1955 Chevrolet 3100 Pickup: Shades of the Past
Words by guest author Steve Anderson | Photos by Todd Ryden
Legend in the Making: Josh Bailey’s Shades of the Past
There’s no mistaking greatness in the making, whether it’s the cars we love or those who shape them. While some develop faster than others, anyone familiar with Josh Bailey knew his creative path was accelerating almost from birth.
The Bailey’s, along with Bobby Alloway and other notable car enthusiasts are responsible for growing Pigeon Forge into one of the finest local hot rod events anywhere. Not Surprisingly, Josh garnered a broad and unique understanding from this rich environment of vehicles crafted by the top car builders in the nation.
As a result, Josh developed a special skill set, and while honored as one of the top high school graduates of his region with various scholarship offers, he chose to forgo college and take another road. Following the path paved by his skilled father by building one car after another, he received a wide-ranging education.
Working side-by-side with top craftsman at Alloway’s Hot Rods for nearly twenty years, Josh has gained capabilities others can hope to glean, while still expanding his understanding with dad building cars of their own. Best of all, Josh hasn’t lost his humility or quiet country ways.
Josh and Joe began shaping this subtle ’55 Chevy 3100 short bed stepside pickup early 2014. Even up close it’s hard to see myriad modifications disguised beneath PPG Surf Green and India Ivory hues reflecting the trademark Bailey subtlety.
For instance, the front fenders were cut and lowered above the wheel openings, which were moved down and back to center the wheels, and yet even trained eyes can overlook these changes In back, the bed rails were widened, the stake pockets removed, and the bedsides pushed inward three inches to negate the need for wheel tubs around the fatter traction. In the end, the only sheet metal added to the bodywork is in the tailgate and the front bed panel behind the cab, yet this too is all but invisible.

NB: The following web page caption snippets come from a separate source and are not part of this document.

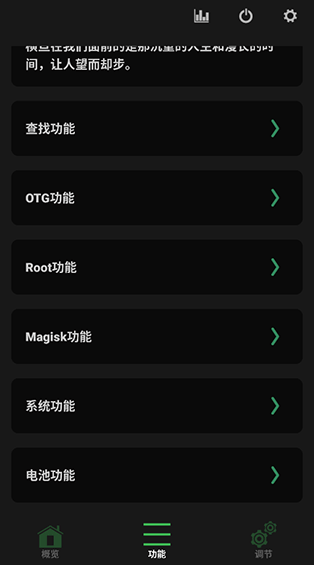 玩机百宝箱最新版 截图5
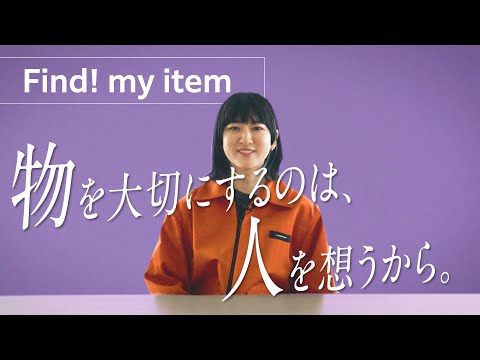 【学生PR動画】Find! my item 学生生活で大切にしているもの ～かばん～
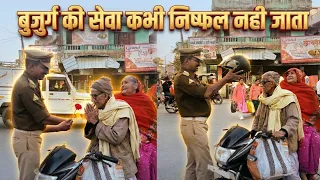 बुजुर्ग की सेवा कभी निष्फल नही जाता ।।#trafficawareness #video #rose #helmet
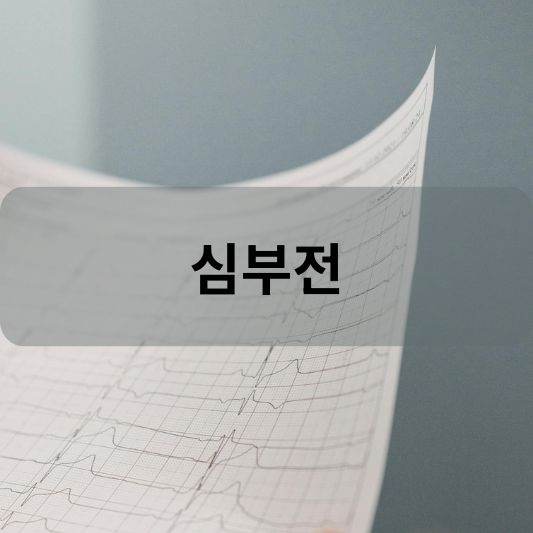 심부전 : 원인, 증상, 진단, 치료 방법 알아보기!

A custom shroud was fabricated over a cross-flow radiator to conceal a stock 20-inch four-blade fan, while Josh’s custom Jet Hot-coated headers unite with his 2.25-inch mandrel-bent exhaust system benefiting from Porter mufflers. The Chevy orange GM 350 crate engine is bolstered by an MSD ignition, while subtle highlights mirror in the vintage Cal Custom valve covers. To keep a modest 260 horsepower at hand, an M-20 Muncie four-speed was chosen to stir the gears amid an aged feel that is right at home.
The stock frame benefits from Classic Performance Products’ 3-inch dropped axle and 3-inch lowering springs, as well as front disc brakes to keep motion in check. To bring the backside on plane, a flip kit was added to reposition an S-10 4×4 rear end with 3.42 gears and drum brakes. Up front came a natural choice of Coker Classic 6.70/15s tires and 15×6 steel rims offsetting larger L78/15s on 15x8s centered with simple dog dish caps.
The interior is pure nostalgia. Two-tone black and India Ivory dash fitted with rebuilt vintage gauges ahead of a ’59 Impala wheel top an original column shortened seven inches over a stock steering box. To make the most of a Hurst shifter, Josh reworked the handle to his liking, placing it perfectly to his seating position on the ’55 Del Ray patterned seat covers from Cars Inc. Fitted by Pro Stitch’s David Corn, the same care was applied to the adjoining panels and carpet completing this ideal environment.
As impressive as it is, it’s this pickup’s back story that elevates it, as it’s been in the family ever since Joe’s uncle A.J. purchased it back in 1972. Twenty-five years later it was passed down to his son, then his grandson, before the Baileys brought it full circle, building on the past.